Provided material
════════════════

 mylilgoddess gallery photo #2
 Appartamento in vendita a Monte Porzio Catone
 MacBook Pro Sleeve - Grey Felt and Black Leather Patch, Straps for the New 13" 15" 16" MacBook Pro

════════════════

Work instructions
The complete data is to be transcribed verbatim.

Answer section
 mylilgoddess gallery photo #2
 Appartamento in vendita a Monte Porzio Catone
 MacBook Pro Sleeve - Grey Felt and Black Leather Patch, Straps for the New 13" 15" 16" MacBook Pro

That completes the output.